Task statement
Take the records below and extract, word for word, the lines from the one containing "indicado no gráfico." through the final line, inclusive. Omit pictures.

━━━ Records for the exercise

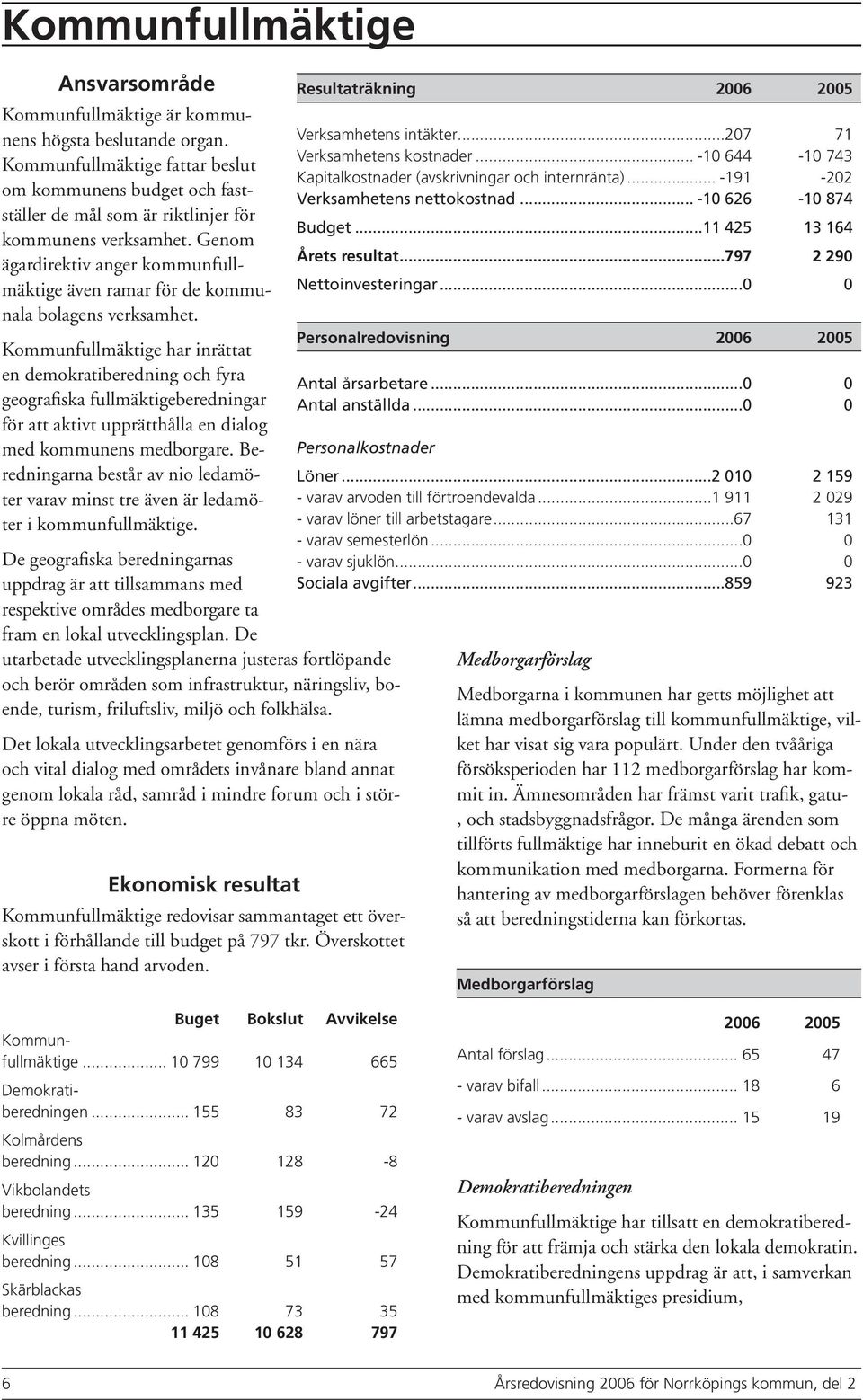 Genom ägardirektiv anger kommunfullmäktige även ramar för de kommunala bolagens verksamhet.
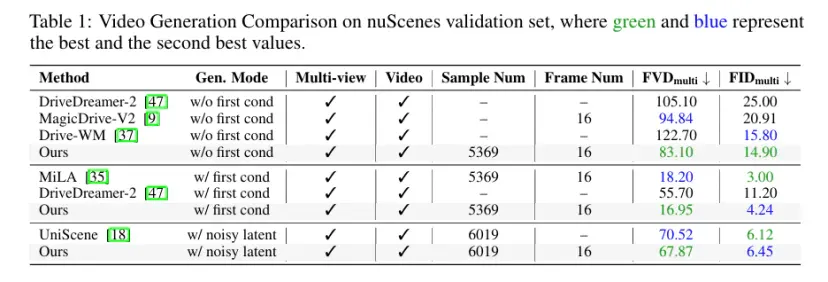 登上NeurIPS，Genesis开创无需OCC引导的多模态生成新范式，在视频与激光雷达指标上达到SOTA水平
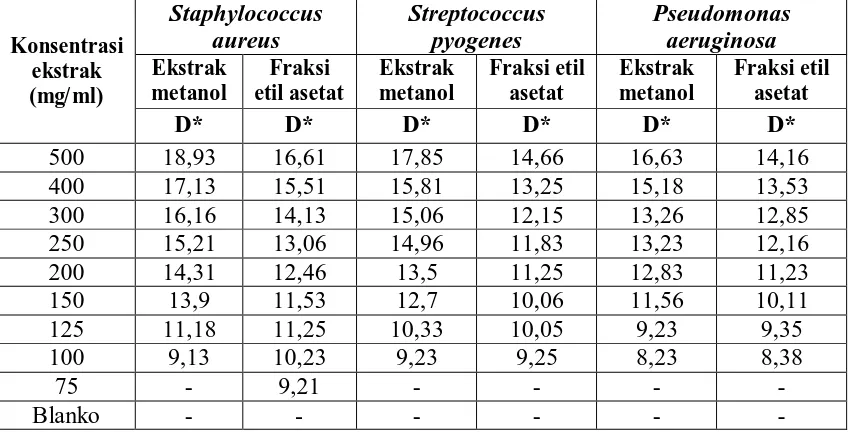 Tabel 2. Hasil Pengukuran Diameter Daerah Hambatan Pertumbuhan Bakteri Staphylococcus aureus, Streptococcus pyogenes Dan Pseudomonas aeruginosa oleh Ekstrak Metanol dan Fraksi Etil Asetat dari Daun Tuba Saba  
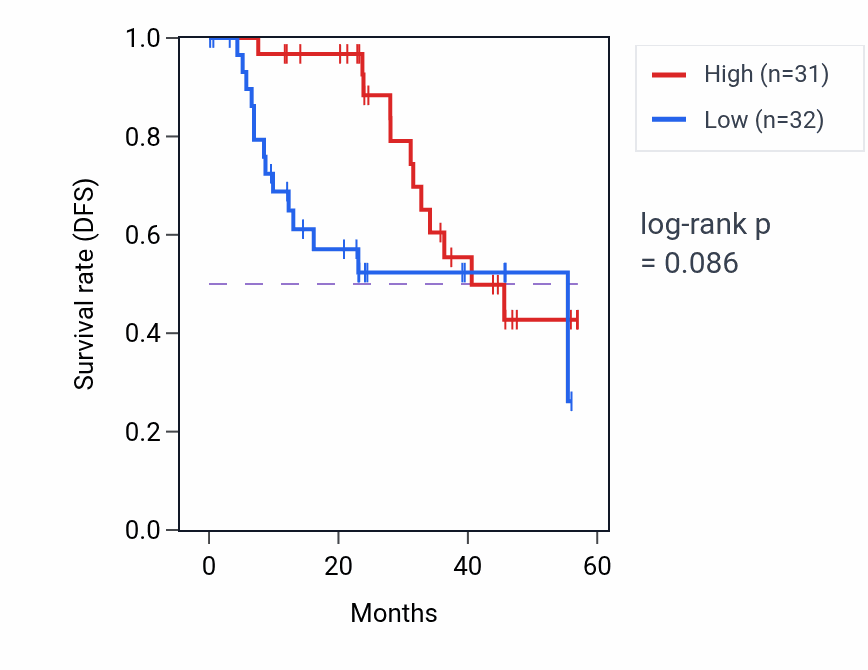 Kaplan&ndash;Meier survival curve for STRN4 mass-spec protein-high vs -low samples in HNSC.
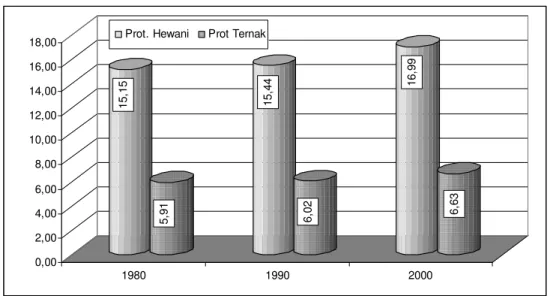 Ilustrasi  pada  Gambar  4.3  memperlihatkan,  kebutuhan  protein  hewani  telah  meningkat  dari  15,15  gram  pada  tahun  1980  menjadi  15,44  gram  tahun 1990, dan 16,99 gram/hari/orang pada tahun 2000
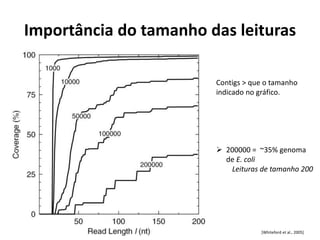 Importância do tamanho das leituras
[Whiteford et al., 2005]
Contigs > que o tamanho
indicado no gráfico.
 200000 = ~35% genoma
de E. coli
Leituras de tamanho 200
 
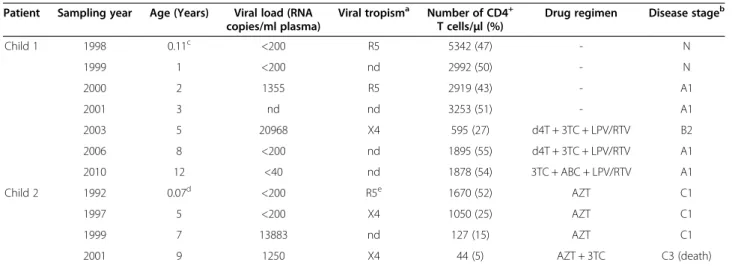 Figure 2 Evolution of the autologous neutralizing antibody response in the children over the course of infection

━━━━━━

Result below
indicado no gráfico.
 200000 = ~35% genoma
de E. coli
Leituras de tamanho 200
 
 Figure 2 Evolution of the autologous neutralizing antibody response in the children over the course of infection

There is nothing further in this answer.